• Task to carry out
The reply must contain exactly the lines below from the one with "Очистка пригоревшей кастрюли" down to the one with "Cozy Chalet At", both included, and nothing more; please omit the pictures.

• Source data
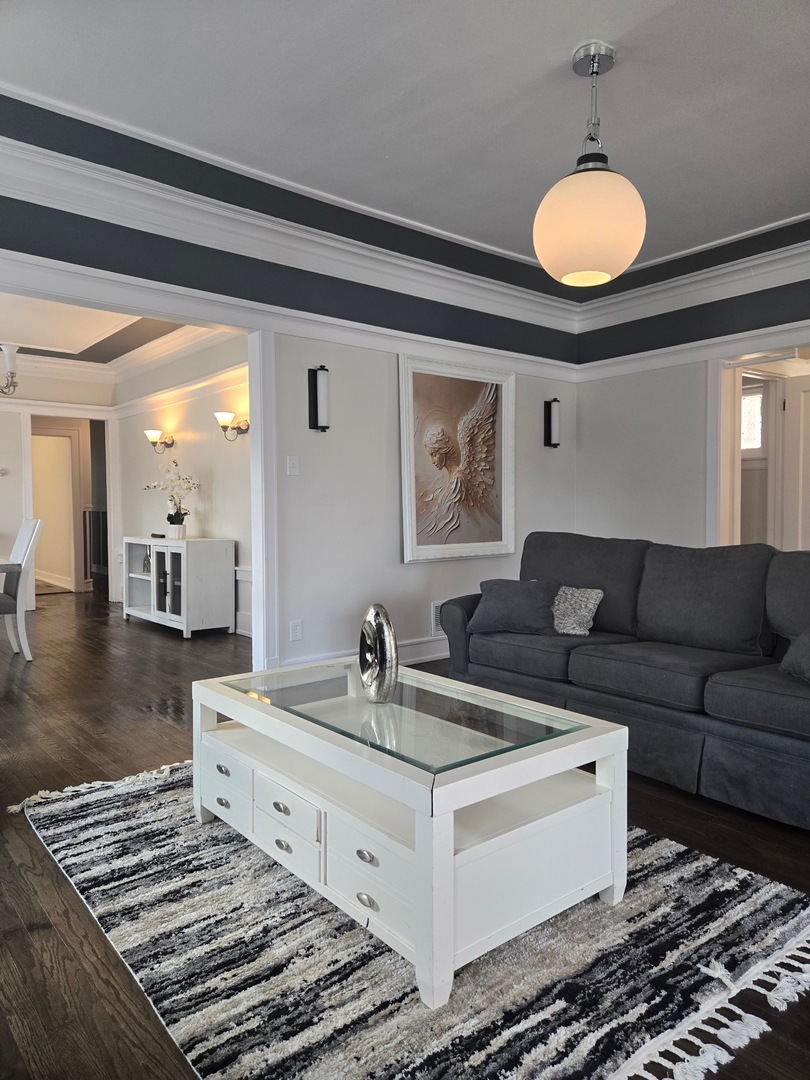 7518 S Ridgeland Avenue, Chicago, IL 60649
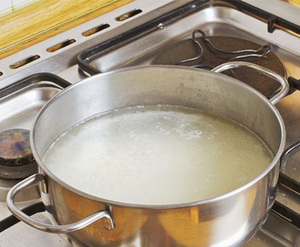 Очистка пригоревшей кастрюли содой или солью.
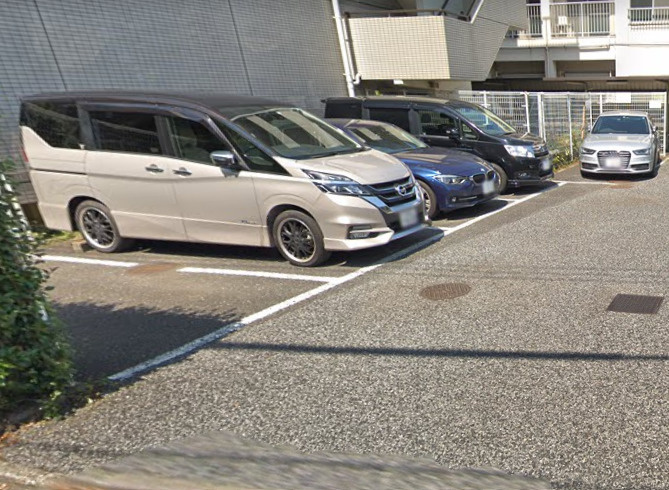 モンターニュ国領の駐車場
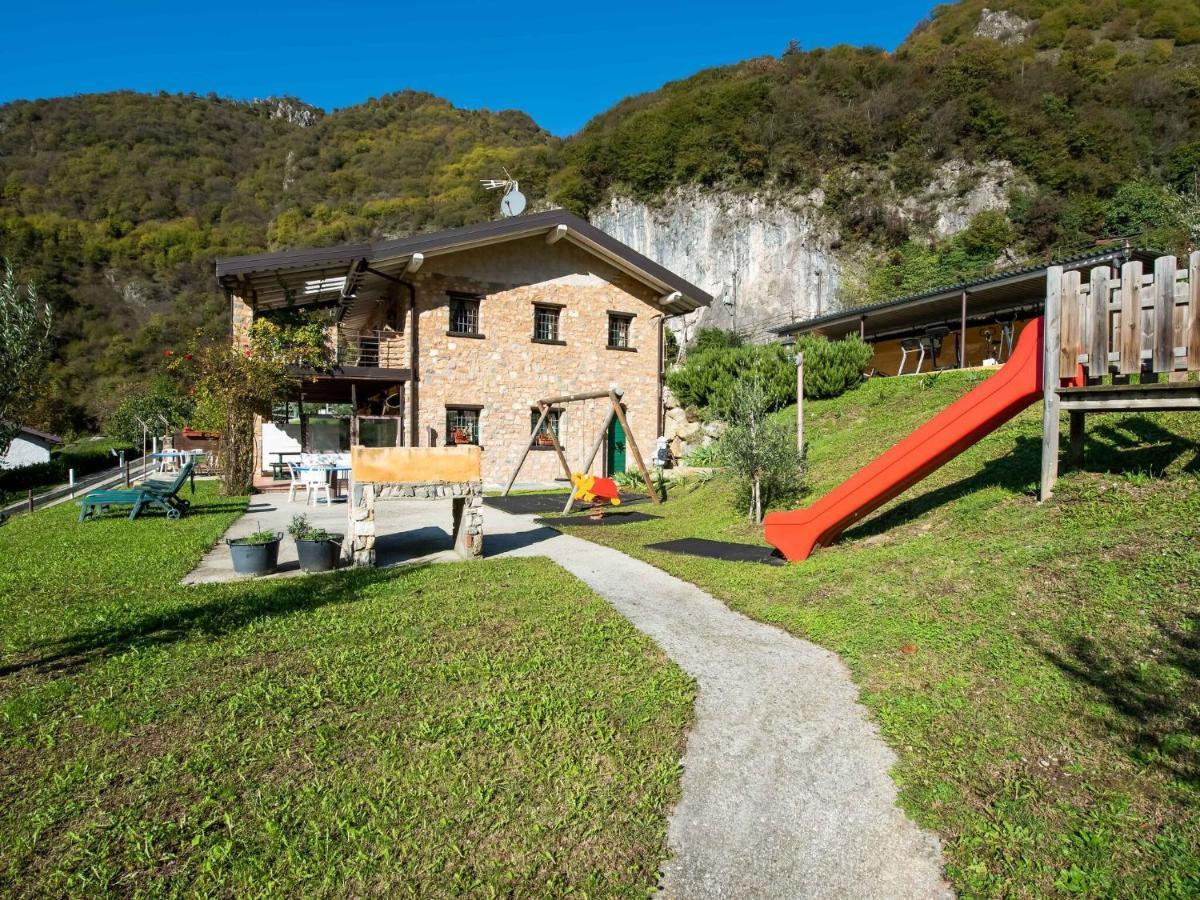 Cozy Chalet At Marone Lake Lombardy With Pool Exterior photo
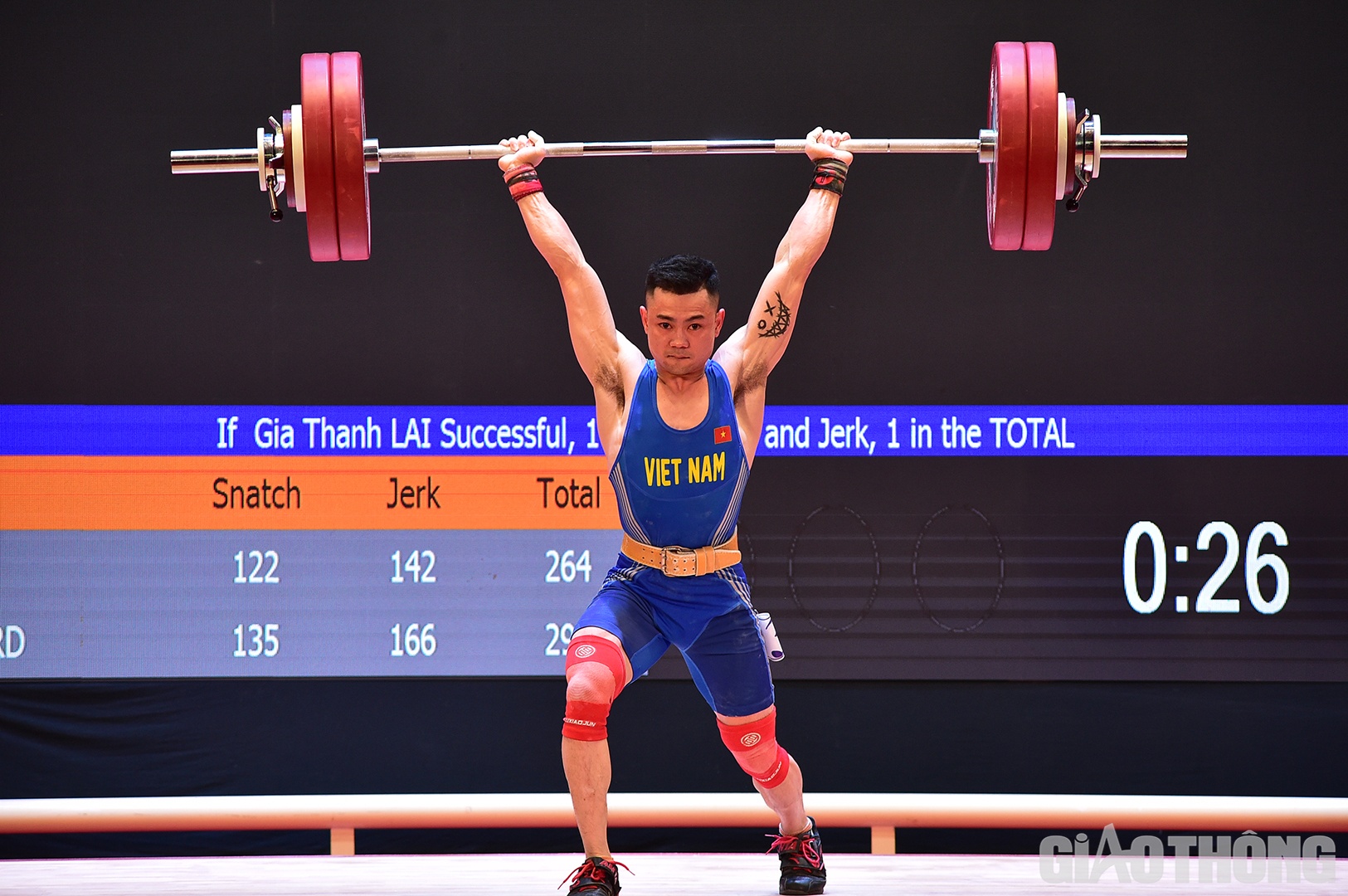 Bước sang phần thi cử đẩy, Th&agrave;nh được đăng k&yacute; mức khởi điểm 150kg. Tuy nhi&ecirc;n sau khi c&aacute;c đối thủ đăng k&yacute; thấp hơn tới 12kg, ban huấn luyện quyết định hạ xuống c&ograve;n 141kg v&agrave; lần thứ hai l&agrave; 145kg. Kh&ocirc;ng qu&aacute; kh&oacute; khăn để Th&agrave;nh vượt qua. L&uacute;c n&agrave;y, tấm HCV đ&atilde; kh&oacute; tho&aacute;t khỏi tay Th&agrave;nh.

• Exercise response
 Очистка пригоревшей кастрюли содой или солью.
 モンターニュ国領の駐車場
 Cozy Chalet At Marone Lake Lombardy With Pool Exterior photo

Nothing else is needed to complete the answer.